*ASSIGNED TASK*
Would you return exactly the lines below from the line with "Zadig & Voltaire Cloe Zebra Top Black" through the line with "wall stickers Decorative", both included, and nothing else, leaving out the pictures?

*RAW DATA*
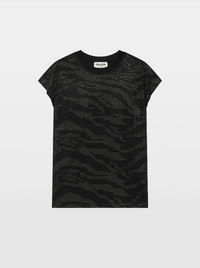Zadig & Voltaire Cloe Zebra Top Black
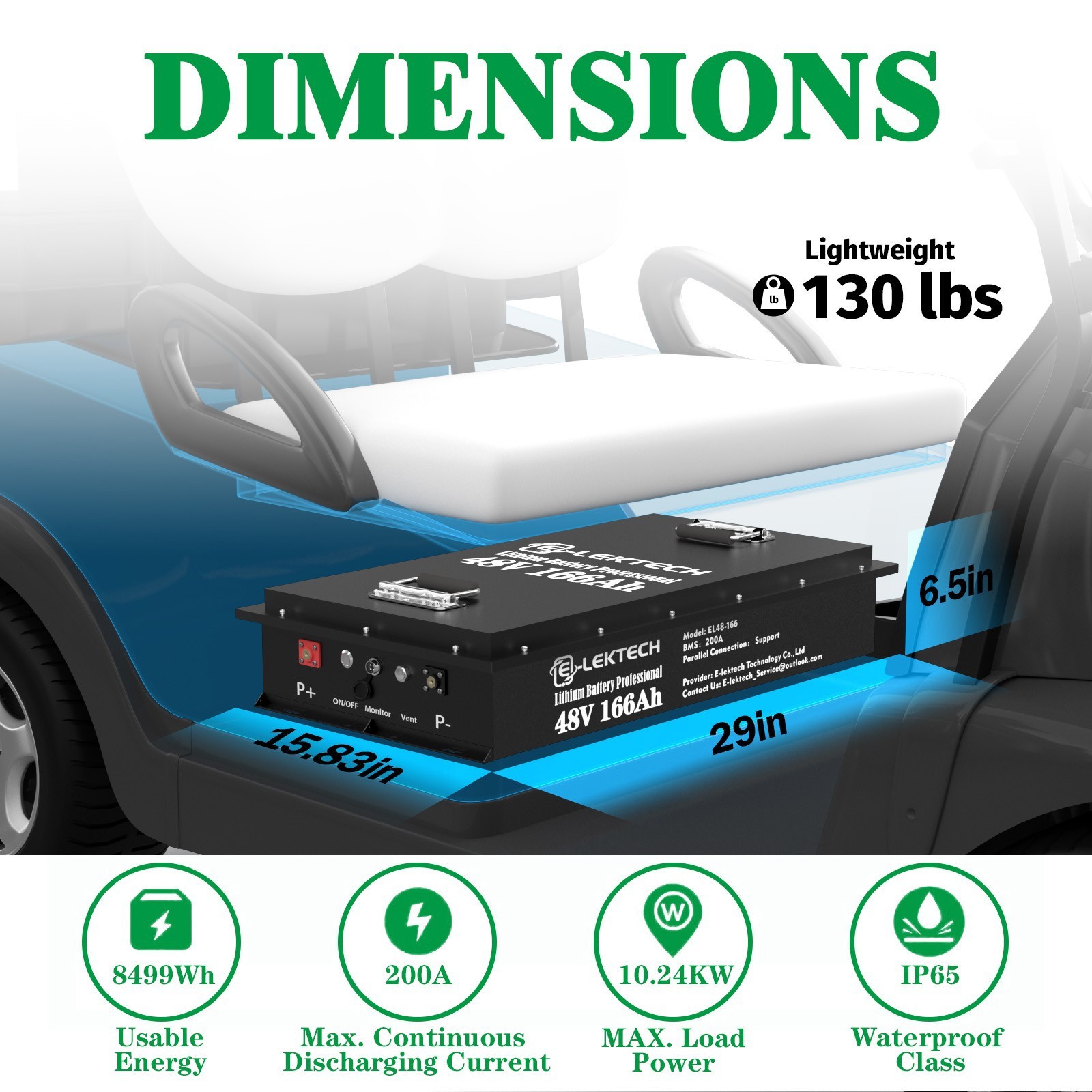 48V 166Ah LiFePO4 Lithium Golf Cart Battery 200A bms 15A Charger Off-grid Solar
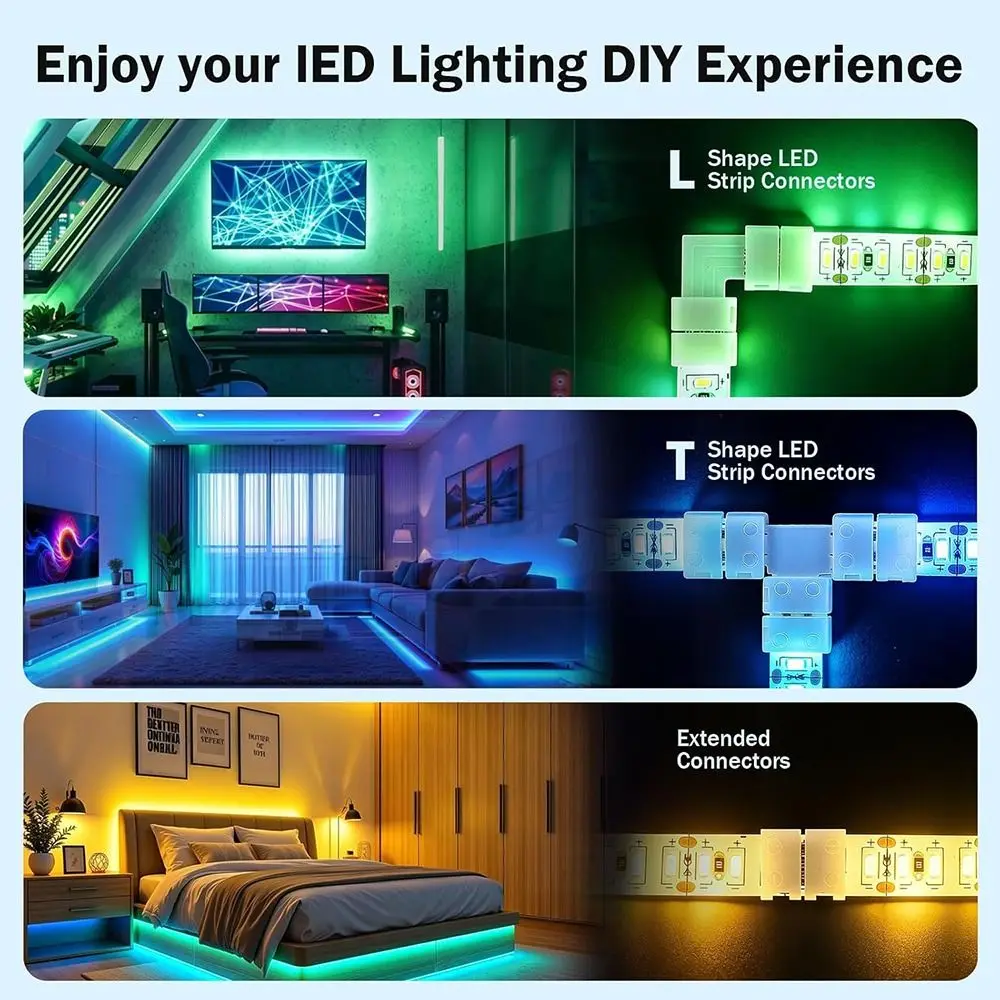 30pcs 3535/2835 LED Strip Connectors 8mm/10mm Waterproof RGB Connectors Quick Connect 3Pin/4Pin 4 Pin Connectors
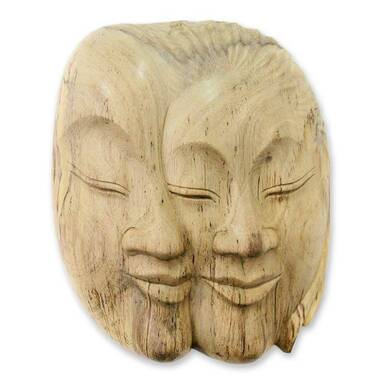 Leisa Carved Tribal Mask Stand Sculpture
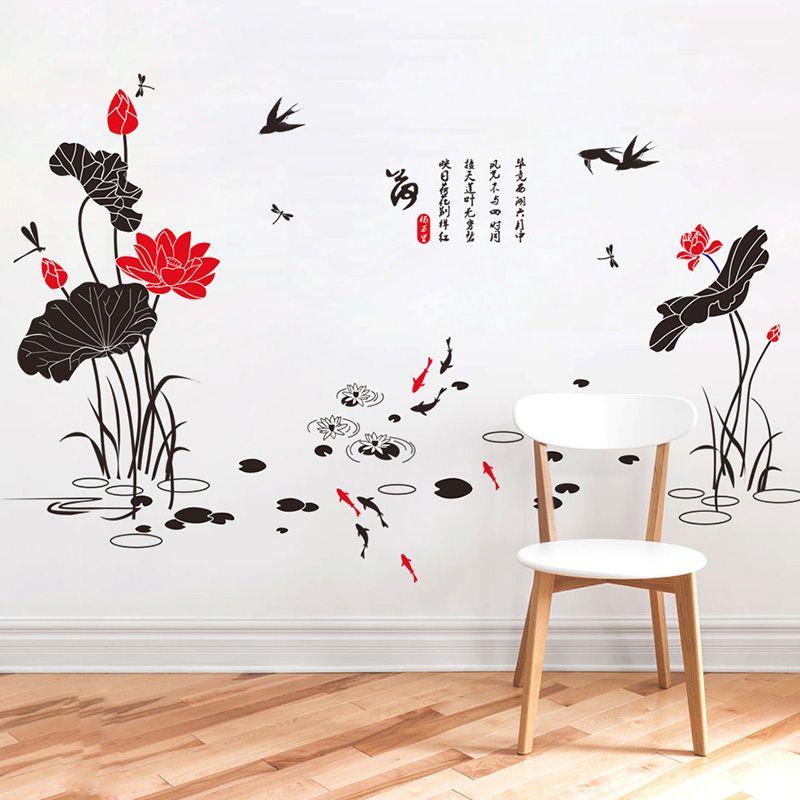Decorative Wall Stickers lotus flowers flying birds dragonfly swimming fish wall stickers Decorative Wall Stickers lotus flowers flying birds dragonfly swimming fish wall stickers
...
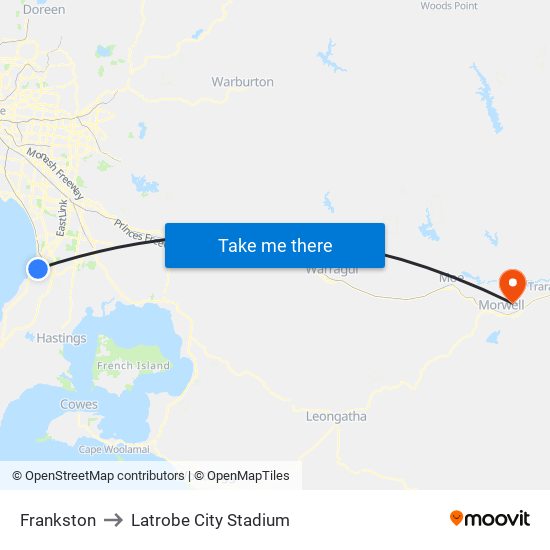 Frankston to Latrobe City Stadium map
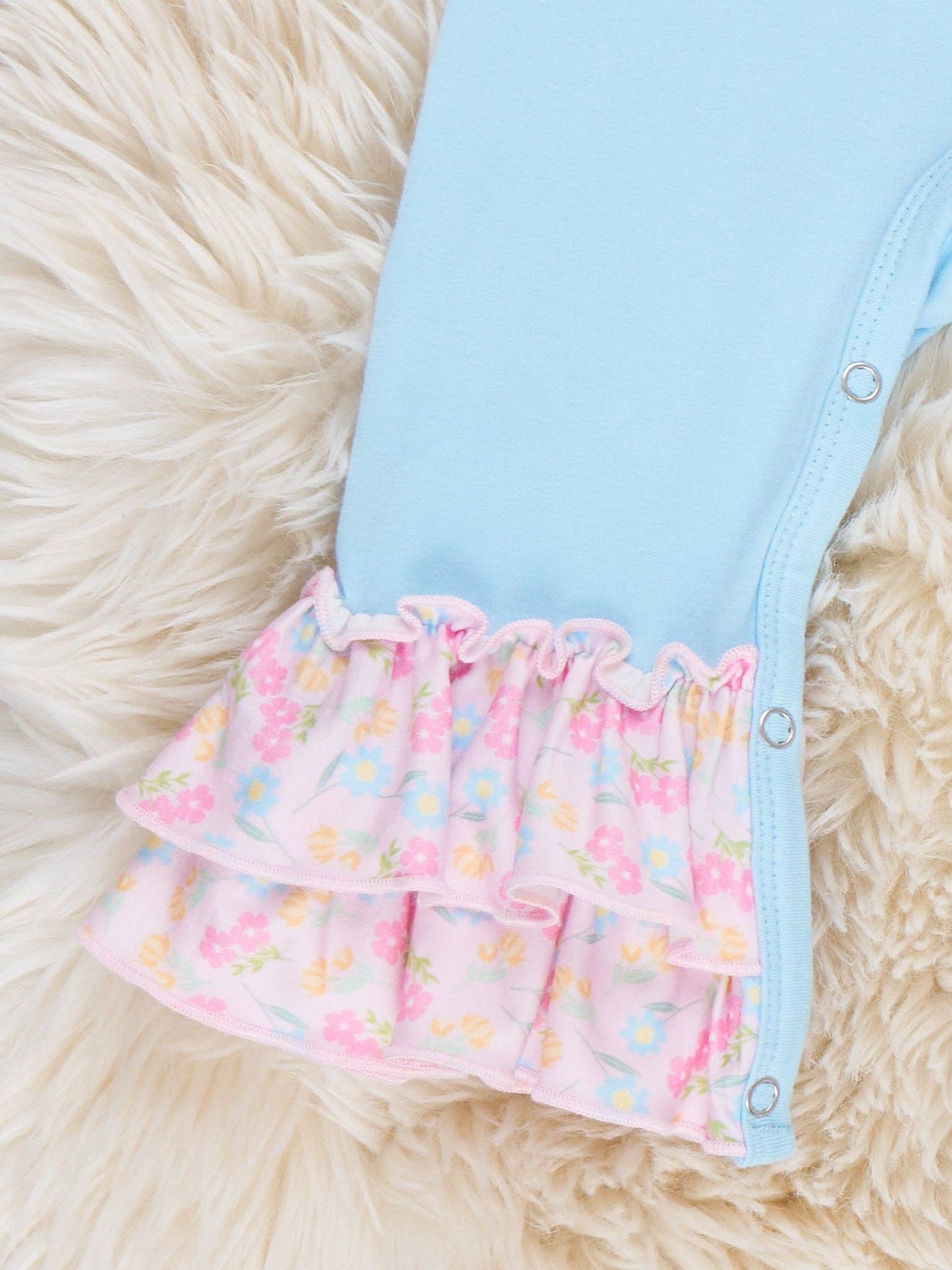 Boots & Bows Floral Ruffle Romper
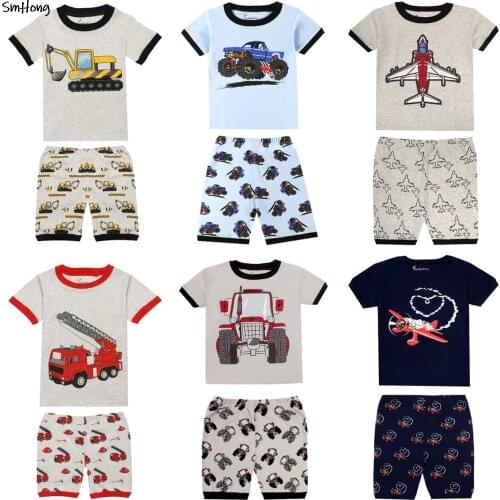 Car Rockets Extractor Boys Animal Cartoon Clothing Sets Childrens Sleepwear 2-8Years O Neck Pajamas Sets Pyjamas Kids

*ANSWER BELOW*
Zadig & Voltaire Cloe Zebra Top Black
 48V 166Ah LiFePO4 Lithium Golf Cart Battery 200A bms 15A Charger Off-grid Solar
 30pcs 3535/2835 LED Strip Connectors 8mm/10mm Waterproof RGB Connectors Quick Connect 3Pin/4Pin 4 Pin Connectors
 Leisa Carved Tribal Mask Stand Sculpture
Decorative Wall Stickers lotus flowers flying birds dragonfly swimming fish wall stickers Decorative Wall Stickers lotus flowers flying birds dragonfly swimming fish wall stickers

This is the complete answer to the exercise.